--- What you need to do ---
The line containing "Anti-COL25A1 antibody produced in rabbit" and each line after it, through the final line of the data, are to be retyped exactly, with pictures left out.

--- Stored data ---

********************

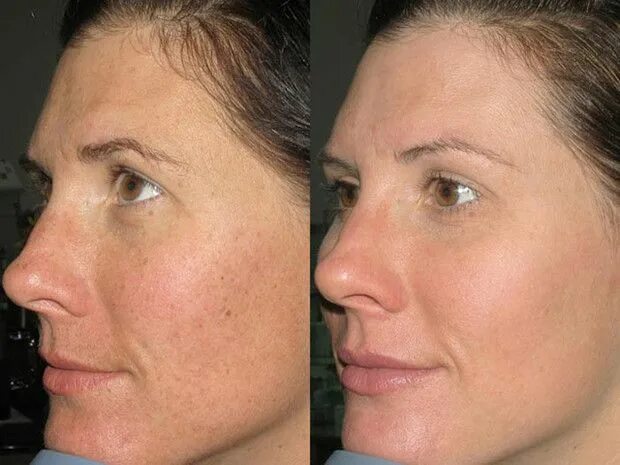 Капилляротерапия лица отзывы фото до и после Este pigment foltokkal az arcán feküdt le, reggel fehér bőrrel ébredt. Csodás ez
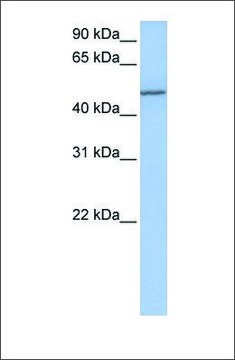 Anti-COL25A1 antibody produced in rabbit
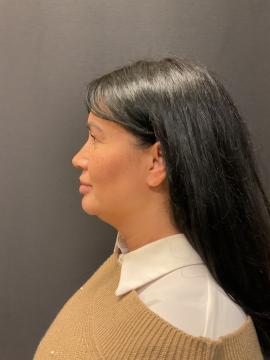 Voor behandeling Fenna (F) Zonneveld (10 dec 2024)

********************

--- The completed task ---
 Anti-COL25A1 antibody produced in rabbit
 Voor behandeling Fenna (F) Zonneveld (10 dec 2024)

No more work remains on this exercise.